_Task inputs:_
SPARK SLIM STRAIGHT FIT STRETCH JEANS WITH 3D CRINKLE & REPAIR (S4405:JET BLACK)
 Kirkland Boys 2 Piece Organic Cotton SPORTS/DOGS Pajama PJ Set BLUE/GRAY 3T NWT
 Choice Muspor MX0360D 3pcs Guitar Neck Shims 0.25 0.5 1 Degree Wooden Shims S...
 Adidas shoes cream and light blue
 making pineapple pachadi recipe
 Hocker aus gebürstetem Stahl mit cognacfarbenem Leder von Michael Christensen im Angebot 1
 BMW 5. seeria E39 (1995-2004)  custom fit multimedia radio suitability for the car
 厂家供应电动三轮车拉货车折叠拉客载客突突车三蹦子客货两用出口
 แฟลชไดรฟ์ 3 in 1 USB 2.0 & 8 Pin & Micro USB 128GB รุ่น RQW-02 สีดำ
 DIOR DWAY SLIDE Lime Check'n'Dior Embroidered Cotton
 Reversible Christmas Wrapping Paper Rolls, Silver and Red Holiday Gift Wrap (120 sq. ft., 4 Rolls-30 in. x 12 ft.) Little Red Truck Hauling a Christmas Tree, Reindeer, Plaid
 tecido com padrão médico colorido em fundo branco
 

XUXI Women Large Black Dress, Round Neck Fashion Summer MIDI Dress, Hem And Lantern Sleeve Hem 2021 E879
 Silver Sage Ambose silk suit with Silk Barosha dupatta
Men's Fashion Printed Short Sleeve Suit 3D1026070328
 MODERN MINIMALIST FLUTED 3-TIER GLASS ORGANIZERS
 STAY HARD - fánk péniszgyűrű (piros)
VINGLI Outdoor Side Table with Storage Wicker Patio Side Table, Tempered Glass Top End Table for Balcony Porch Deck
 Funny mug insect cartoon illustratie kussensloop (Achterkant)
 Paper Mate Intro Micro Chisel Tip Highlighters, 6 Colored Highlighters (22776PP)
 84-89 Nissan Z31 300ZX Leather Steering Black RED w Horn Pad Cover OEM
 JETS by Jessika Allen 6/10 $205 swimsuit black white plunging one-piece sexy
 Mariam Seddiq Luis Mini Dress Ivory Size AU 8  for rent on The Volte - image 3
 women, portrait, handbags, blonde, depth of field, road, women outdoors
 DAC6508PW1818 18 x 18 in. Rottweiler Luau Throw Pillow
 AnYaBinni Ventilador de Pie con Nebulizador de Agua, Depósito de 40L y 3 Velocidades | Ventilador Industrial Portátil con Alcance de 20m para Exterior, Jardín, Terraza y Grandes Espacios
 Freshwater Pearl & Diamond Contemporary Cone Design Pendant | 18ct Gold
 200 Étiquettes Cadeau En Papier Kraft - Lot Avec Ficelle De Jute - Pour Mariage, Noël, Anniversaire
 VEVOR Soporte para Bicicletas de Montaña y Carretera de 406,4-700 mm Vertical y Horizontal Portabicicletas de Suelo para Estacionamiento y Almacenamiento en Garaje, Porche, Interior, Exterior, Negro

_Problem statement:_
Gather from the data above every line with the string "para".

_Answer section:_
 AnYaBinni Ventilador de Pie con Nebulizador de Agua, Depósito de 40L y 3 Velocidades | Ventilador Industrial Portátil con Alcance de 20m para Exterior, Jardín, Terraza y Grandes Espacios
 VEVOR Soporte para Bicicletas de Montaña y Carretera de 406,4-700 mm Vertical y Horizontal Portabicicletas de Suelo para Estacionamiento y Almacenamiento en Garaje, Porche, Interior, Exterior, Negro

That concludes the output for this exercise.